PinohNews.Com — Pemerintah Kota Pontianak resmi menerbitkan Pengumuman Nomor 430 Tahun 2026 guna menjaga ketertiban umum dan ketenteraman masyarakat selama Bulan Suci Ramadan 1447 Hijriah. Kebijakan ini diambil bertujuan untuk menciptakan suasana yang kondusif, aman, dan nyaman bagi seluruh umat Islam yang menjalankan ibadah puasa di Kota Khatulistiwa.
Wali Kota Pontianak, Edi Rusdi Kamtono, menegaskan bahwa pengaturan ini merupakan komitmen pemerintah dalam menjaga harmoni sosial serta menghormati kekhusyukan ibadah masyarakat.
Dalam edaran tersebut, seluruh tempat usaha rekreasi dan hiburan diwajibkan tutup satu hari sebelum pelaksanaan puasa Ramadan dan baru boleh beroperasi kembali pada hari kedua puasa.
Namun, aturan lebih ketat diberlakukan bagi usaha diskotek dan klub malam yang diwajibkan tutup selama satu bulan penuh sepanjang Ramadan.
“Edaran ini bertujuan untuk menjaga ketertiban umum dan ketenteraman masyarakat selama Bulan Suci Ramadan, sehingga umat Islam dapat menjalankan ibadah dengan khusyuk dan nyaman,” ujar Edi Rusdi Kamtono pada Selasa (17/2/2026).
Selain penutupan sementara, beberapa jenis usaha lain seperti game station, kafe dengan live music, karaoke, permainan biliar non-atlet, hingga warung internet mendapatkan pembatasan jam operasional.
Jenis usaha tersebut hanya diperkenankan mulai beroperasi pada pukul 21.00 WIB hingga batas waktu izin operasional yang dimiliki masing-masing pengusaha.
Edi menjelaskan bahwa langkah ini bukan untuk membatasi aktivitas ekonomi secara kaku, melainkan bentuk saling menghormati antarumat beragama di tengah suasana Ramadan.
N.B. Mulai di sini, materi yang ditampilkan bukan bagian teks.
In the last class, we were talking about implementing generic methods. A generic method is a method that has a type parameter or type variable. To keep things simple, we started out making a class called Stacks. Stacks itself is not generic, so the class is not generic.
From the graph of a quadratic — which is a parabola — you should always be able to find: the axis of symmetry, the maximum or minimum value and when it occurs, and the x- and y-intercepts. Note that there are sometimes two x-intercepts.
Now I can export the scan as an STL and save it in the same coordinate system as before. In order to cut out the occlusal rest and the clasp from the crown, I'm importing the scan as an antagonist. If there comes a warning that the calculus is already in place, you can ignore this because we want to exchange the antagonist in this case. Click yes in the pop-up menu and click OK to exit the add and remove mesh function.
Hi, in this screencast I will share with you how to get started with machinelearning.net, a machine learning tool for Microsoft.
“Pengaturan jam operasional ini bukan untuk membatasi aktivitas ekonomi, melainkan untuk menjaga suasana Ramadan tetap kondusif, tertib, dan saling menghormati,” tambahnya.
Terkait tradisi lokal, Edi menuturkan bahwa permainan rakyat meriam karbit diperbolehkan dilaksanakan pada H-1 Idulfitri dengan pengawasan aspek keamanan lingkungan yang ketat.
Sementara itu, Kepala Satuan Polisi Pamong Praja (Satpol PP) Kota Pontianak, Ahmad Sudiyantoro, menyatakan kesiapan jajarannya untuk melakukan pengawasan di lapangan.
Pihaknya akan melakukan patroli rutin serta pendekatan persuasif kepada para pelaku usaha agar mematuhi ketentuan yang telah ditetapkan Pemerintah Kota Pontianak.
“Kami akan mengedepankan langkah preventif dan persuasif terlebih dahulu. Namun, apabila ditemukan pelanggaran, tentu akan kami tindak sesuai ketentuan,” tegas Ahmad Sudiyantoro.
Satpol PP akan berkoordinasi dengan aparat kepolisian dan instansi terkait untuk memantau titik-titik usaha hiburan, kafe, hingga rumah biliar selama sebulan penuh.
Ia berharap seluruh pelaku usaha dapat memahami kebijakan ini sebagai bentuk toleransi dan penghormatan terhadap kekhusyukan ibadah puasa.
Masyarakat juga diimbau untuk berperan aktif melaporkan situasi yang berpotensi mengganggu ketertiban umum agar suasana kota tetap aman dan damai.